== Data extract ==
════

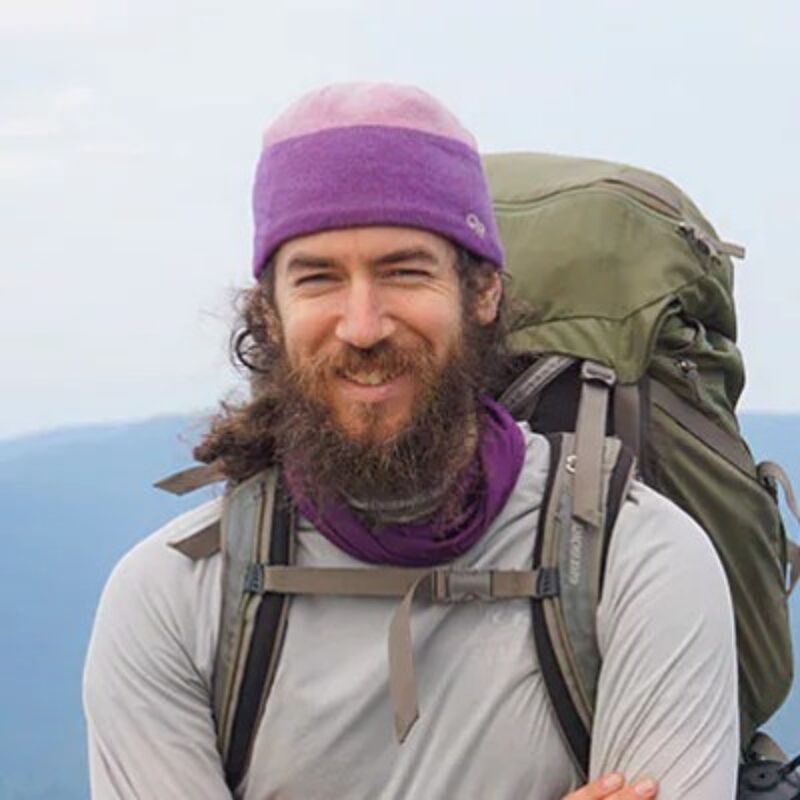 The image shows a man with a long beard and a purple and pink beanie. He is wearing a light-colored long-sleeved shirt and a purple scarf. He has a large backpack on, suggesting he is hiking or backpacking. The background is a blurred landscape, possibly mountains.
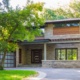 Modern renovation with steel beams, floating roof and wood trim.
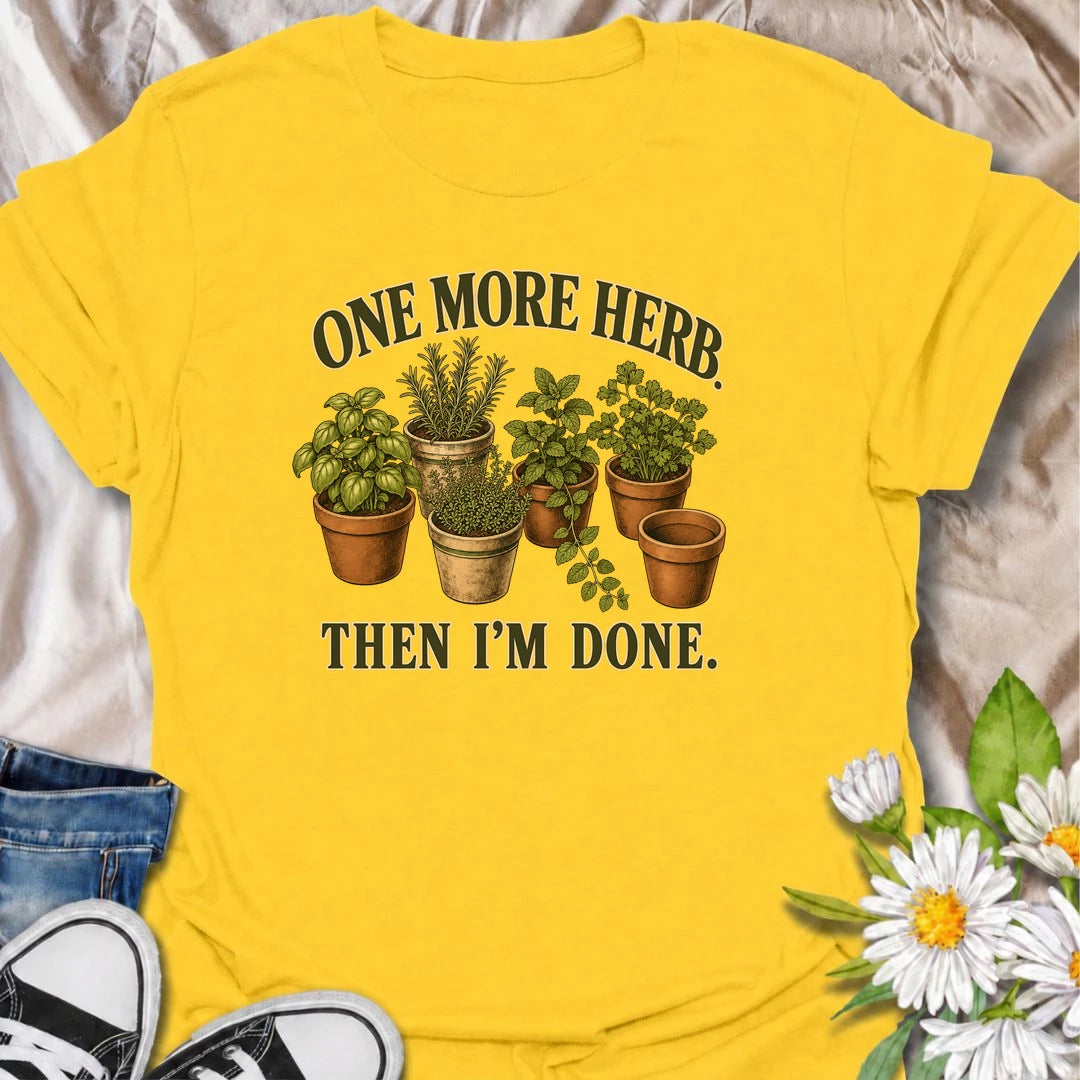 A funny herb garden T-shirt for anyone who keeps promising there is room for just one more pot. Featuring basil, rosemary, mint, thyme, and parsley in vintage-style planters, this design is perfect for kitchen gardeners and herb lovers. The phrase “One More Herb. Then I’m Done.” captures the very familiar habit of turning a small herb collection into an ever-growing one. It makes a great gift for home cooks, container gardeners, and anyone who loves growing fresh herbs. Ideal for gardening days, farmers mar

════

== Problem ==
Starting with the line that contains "Modern renovation with", reproduce every line down to the end of the listing above, both endpoints included. Pictures stay out.

== Finished task ==
 Modern renovation with steel beams, floating roof and wood trim.
 A funny herb garden T-shirt for anyone who keeps promising there is room for just one more pot. Featuring basil, rosemary, mint, thyme, and parsley in vintage-style planters, this design is perfect for kitchen gardeners and herb lovers. The phrase “One More Herb. Then I’m Done.” captures the very familiar habit of turning a small herb collection into an ever-growing one. It makes a great gift for home cooks, container gardeners, and anyone who loves growing fresh herbs. Ideal for gardening days, farmers mar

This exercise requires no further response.